O Plenário da Corte, que, em 1980, ao apreciar essa mesma questão, enfatizou serem inaplicáveis, em relação Supremo Tribunal Federal, as regras procedimentais fixadas pela Lei nº 1.079/50, assinalando, ainda, não caber ao cidadão (eleitor) o exercício do poder de acusar Ministro de Estado, perante esta Corte Suprema, pela suposta prática do crime de responsabilidade: "‘Notitia criminis’. Petição que se toma por ‘notitia criminis’, determinando-se o seu arquivamento, em face da manifestação da Procuradoria Geral da República." (Pet nº 85-DF, Rel. p/ o acórdão Min. MOREIRA ALVES).” (grifei) 
Como se nota, a distinção mostra-se essencial para a definição da legitimação ativa. Isso porque, no caso de crimes de responsabilidade autônomos contra Ministros do Estado, sobressai indene de dúvida tratar-se, sob a ótica dos atributos processuais para o exercício da jurisdição, de ação penal pública, cuja titularidade é do Ministério Público. Em outras palavras, verifico que não é possível estender aos cidadãos a possibilidade de deflagar, perante esta Suprema Corte, o processo de impeachment contra Ministros de Estado (por crime autônomo de responsabilidade). 
afinal, o voto se encerra, de forma cristalina da seguinte forma:
"(..)Diante desse panorama, a legitimação popular restringe-se ao oferecimento da denúncia perante o Poder Legislativo, a envolver, necessariamente, crimes conexos praticados pelo Presidente da República. Logo, o sentido e alcance da autorização universal prevista no art. 14 da Lei 1.079/1050, diploma legal que rege o processo dos crimes de responsabilidade, cingem-se a autorizar a deflagração do processo de impeachment no âmbito do Parlamento. (..)"
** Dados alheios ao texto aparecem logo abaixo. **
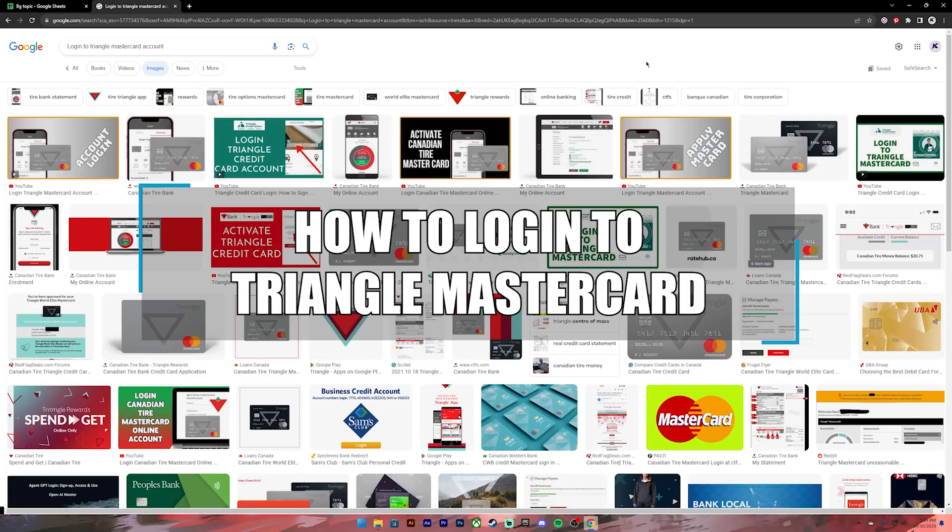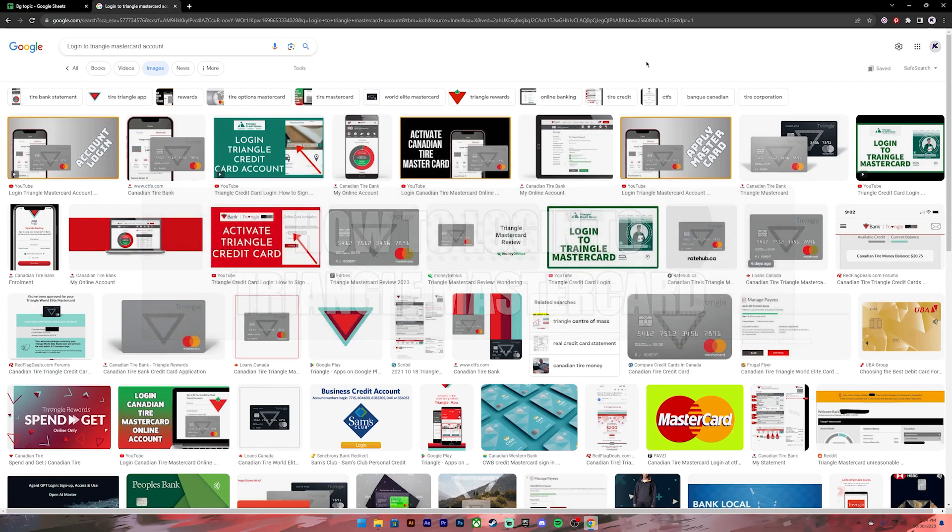Hello everyone, welcome back to our channel Beginner's Guide where we upload guide videos. In today's video I'll be showing you how to log into your Triangle Mastercard account.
Deveriam os parlamentares irresignados dirigir representação ao Procurador Geral da República para que definisse pela abertura do pedido ou não de impedimento dos referidos ministros de estado. Essa questão relevante para o ponto de vista do Direito Constitucional de certa forma blinda e dificulta por parte de parlamentares o controle dos atos dos ministros de estado, aliás, por inércia do próprio parlamento que poderia e deveria cuidar da atualização do diploma legal de 1950, sem a devida revisão após o advento da Constituição-cidadã de 1988.